University staff navigate one of the most document-heavy work environments in any sector: HR policies, collective agreements, academic regulations, procurement rules, IT security procedures, research ethics guidelines, finance governance, occupational health requirements — all of them updated regularly, all of them essential for doing the job correctly, none of them findable through the organisation's intranet. The result is a tax on productivity that most universities accept as unavoidable. One university stopped accepting it. Staff now find any policy, procedure, or form in under two minutes. HR and IT ticket volume for avoidable enquiries fell 47% in a single semester.
The University's Staff Information Environment
The university employs approximately 5,200 staff: academic staff (teaching and research), professional staff (administrative, technical, and specialist functions), and casual academic staff. Its staff information environment had grown organically across three decades of changing technology: a SharePoint-based intranet implemented in 2016 (partially migrated from an earlier system), a separate HR portal for leave applications and pay information, a financial systems platform, an IT service management portal, a research management system, and a collection of faculty-specific SharePoint sites maintained independently by each faculty.

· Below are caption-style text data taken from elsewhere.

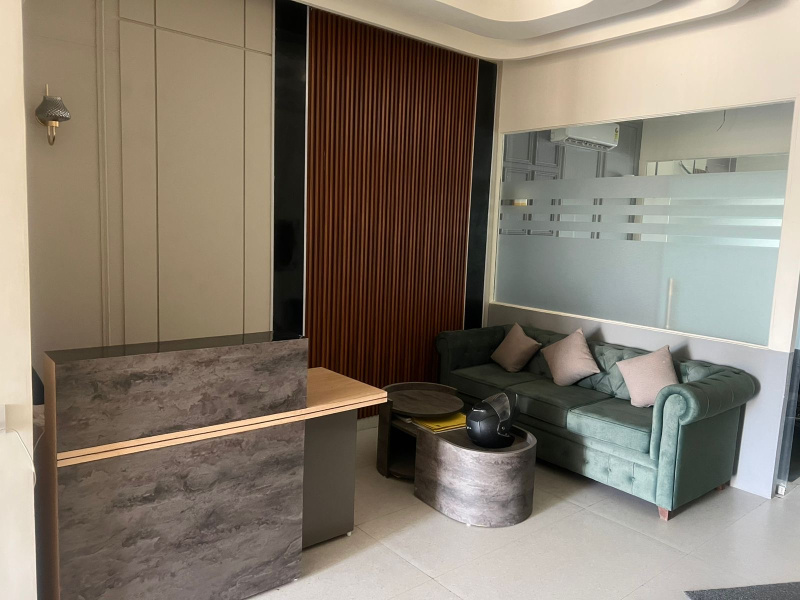  Office Space 1400 Sq.ft. for Rent in Patiala Road, Zirakpur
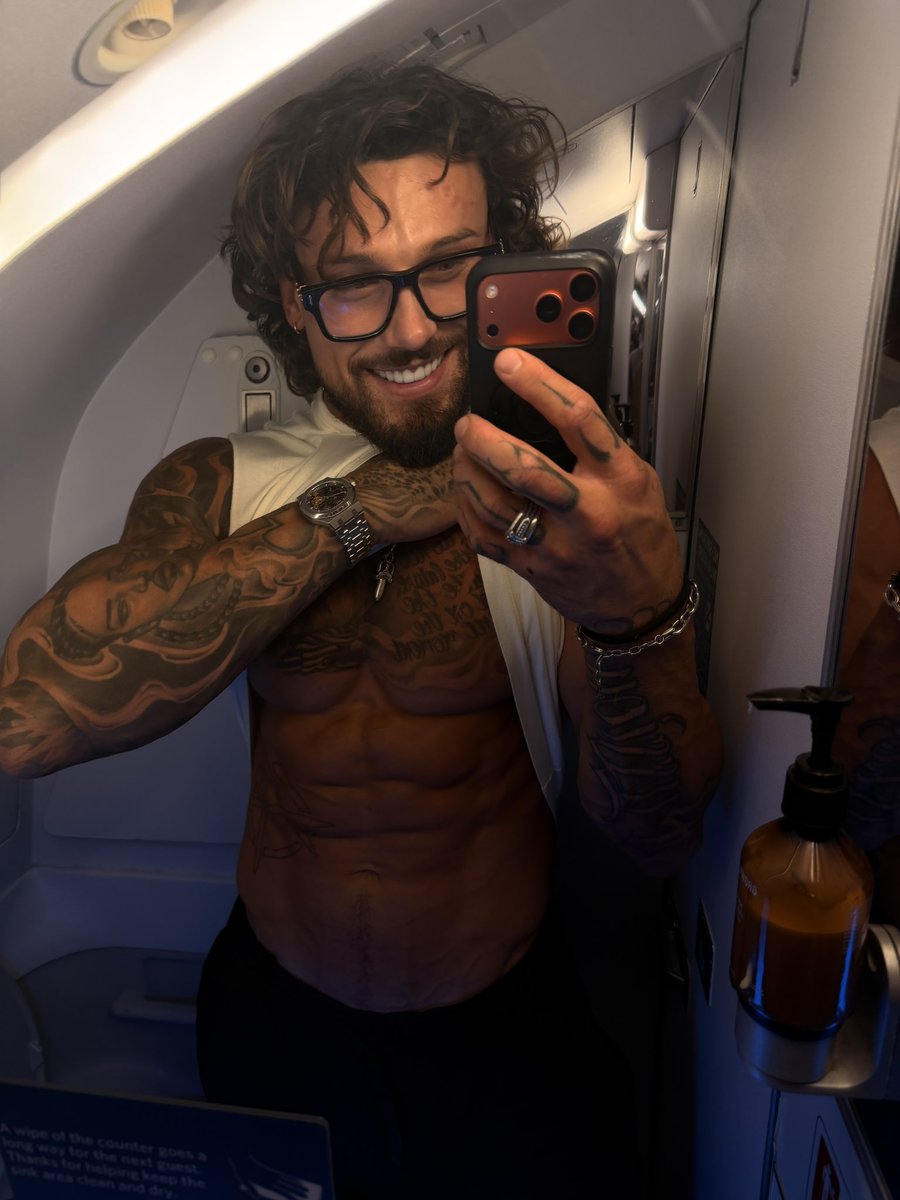 fitzexclusive's tweet photo. Add me for daily bts👀🔥
 https://t.co/bdwOsv9sVO https://t.co/IMvCNsUX2C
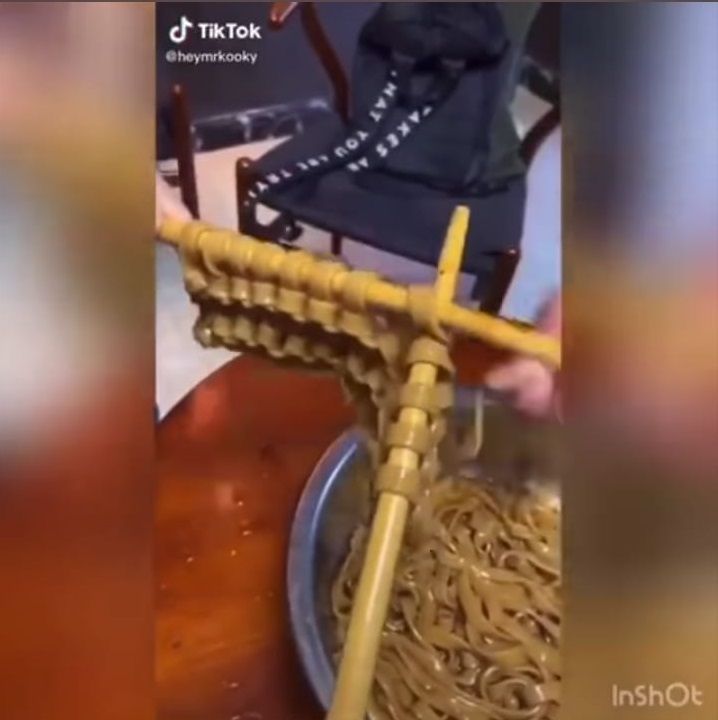 menyulam mie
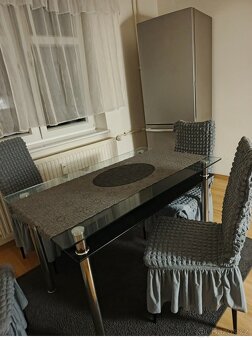 Skleněný jídelní stůl - 2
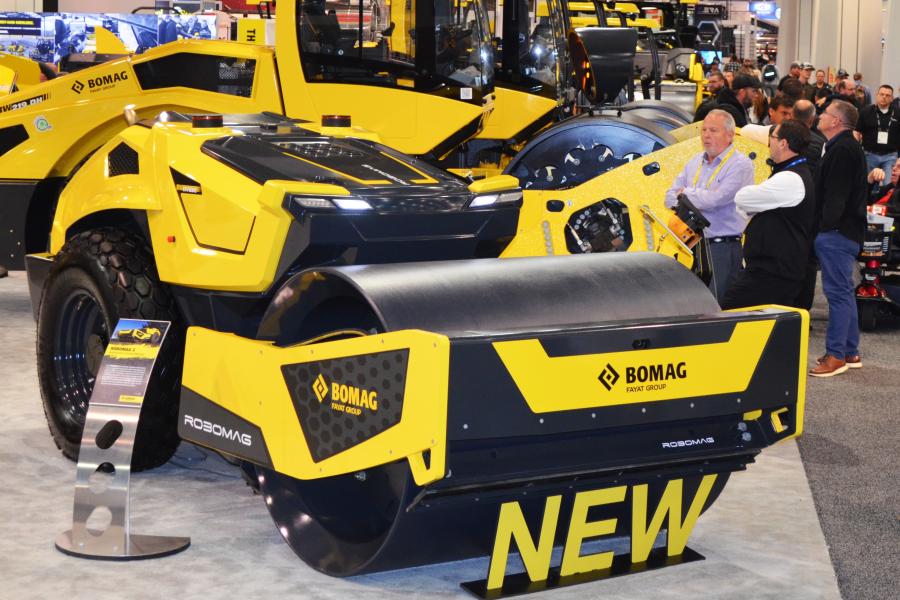 The Bomag Robomag 2, a fully autonomous single-drum roller got a lot of attention in the Bomag exhibit area.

The HR team maintained 840 policy documents, guidelines, and templates across four versions of their SharePoint site. The IT team maintained 620 knowledge base articles, procedure guides, and setup instructions. The Finance team maintained 280 procurement and financial procedure documents. Research Services maintained 360 ethics, grant management, and research governance documents. These 2,100 documents were spread across six separate systems and sites, each with its own navigation structure and search index.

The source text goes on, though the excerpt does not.